YOU ARE AT:Archived ArticlesEQUIPMENT DONATED TO SECRET SERVICE TO BATTLE FRAUD

EQUIPMENT DONATED TO SECRET SERVICE TO BATTLE FRAUD

WASHINGTON-The Cellular Telecommunications Industry Association donated $50,000 worth of advanced telecommunications testing equipment to the U.S. Secret Service as part of an ongoing industry-government effort to crack down on wireless telephone fraud by small hackers and organized crime alike.

The high-tech gear will be used in the Secret Service’s new forensic analysis laboratory in the nation’s capital. Secret Service personnel are being trained to analyze cloned phones in the field and to preserve the handsets as evidence.

Cellular fraud, whereby customers’ telephone numbers are stolen and reprogrammed into other phones, cost the industry nearly $500 million dollars last year, CTIA said.

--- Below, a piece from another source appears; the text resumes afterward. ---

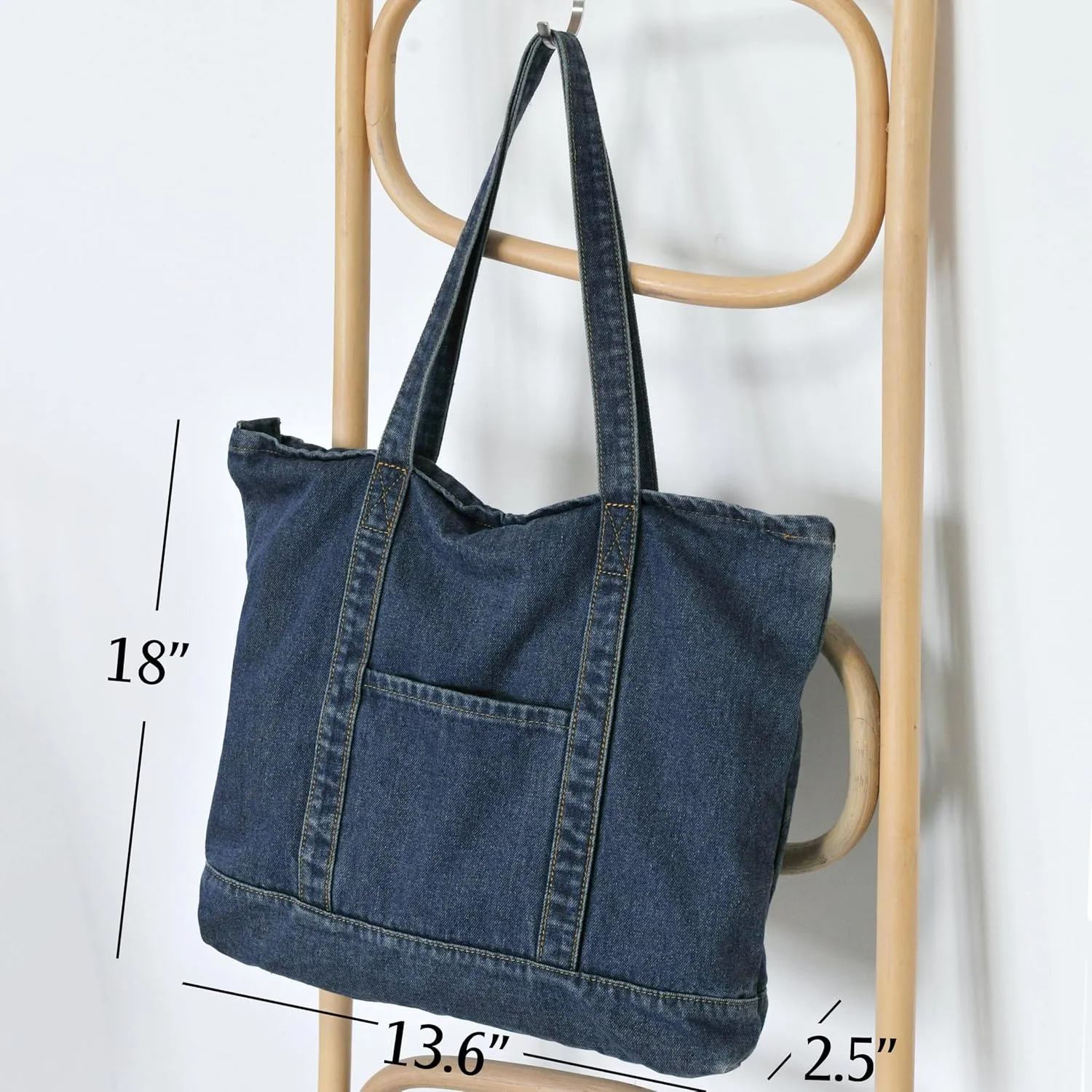 HOXIS Light Weight Soft Denim Tote Unisex Shopper Shoulder Handbag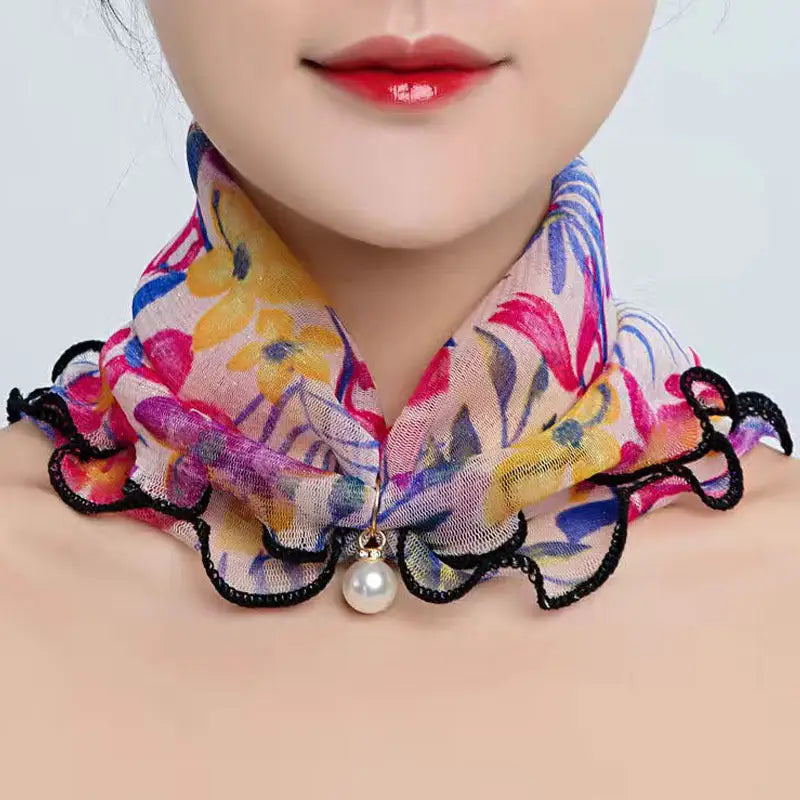 Cute Decorative Scarf Lace Pendant Small Silk Scarf - Brilliant Beauty - Decorative Scarf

Cellular carriers, which do not charge subscribers for calls illegally made by others, must absorb the losses.

A total of 161 cellular fraud arrests were made last year, according to the Secret Service, and almost as many in 1995 already. Most of the arrests have resulted in convictions.

A new law passed by Congress last year makes wireless fraud a federal crime, subject to up to 15 years in jail and a $250,000 fine. The Secret Service previously depended on a credit-card statute to prosecute hackers.

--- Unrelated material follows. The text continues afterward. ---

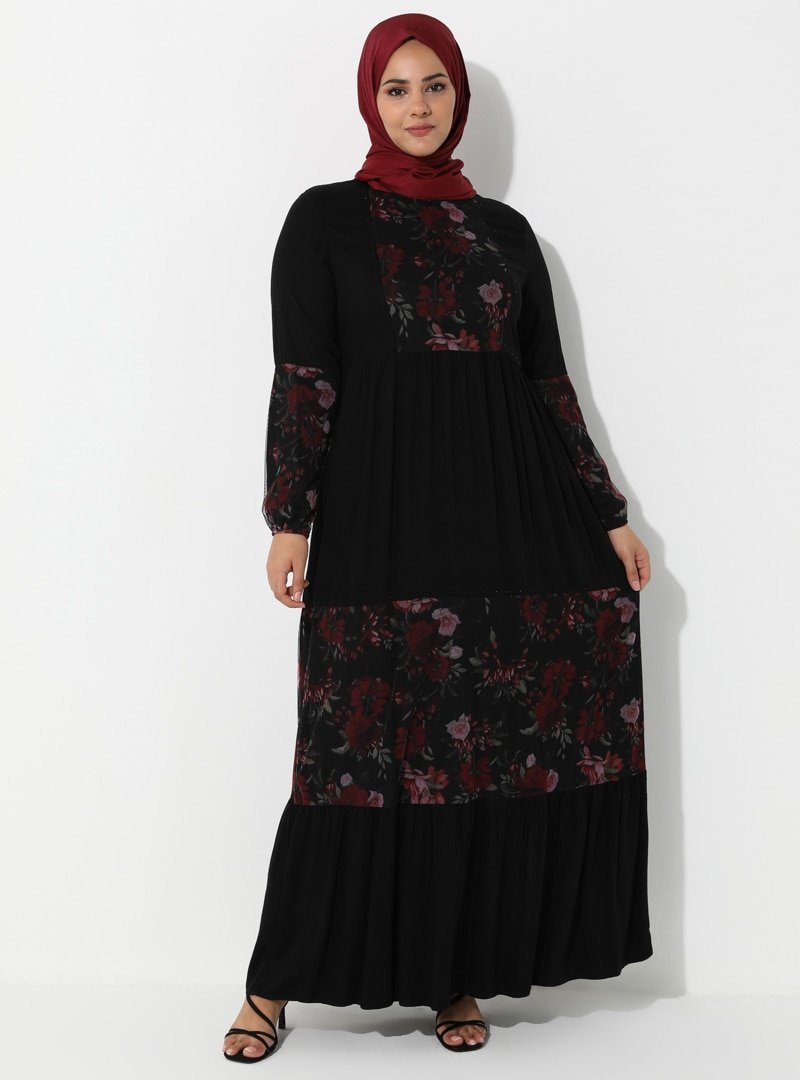Ginezza Siyah Çiçekli Tül Detaylı Elbise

Most of the 25 million cellular phones today use analog technology, which is more susceptible to fraud than next-generation digital technology.

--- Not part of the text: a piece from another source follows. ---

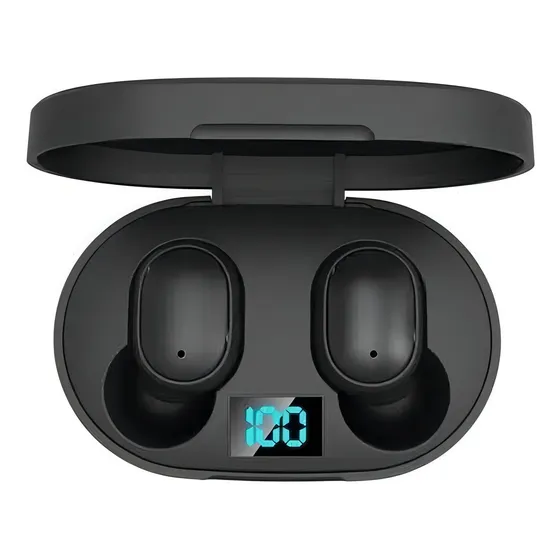 E6S TWS BT5.0 Fones De Ouvido Sem Fio Com Visor de LED. Cor Preto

“This partnership is critical if we’re going to be successful in catching and pursuing the high-tech criminal,” said Eljay Bowron, director of the Secret Service. In addition to giving it more firepower, Eljay said industry assistance better positions the Secret Service to aid state and local law enforcement officials in the fight against wireless fraud. Officials, he noted, also try to identify systemic weakness that might perpetuate illegal activity.

“Wireless fraud is a crime and wireless fraud is the enabler of other crimes,” said Thomas Wheeler, president of CTIA, citing drug trafficking as one example.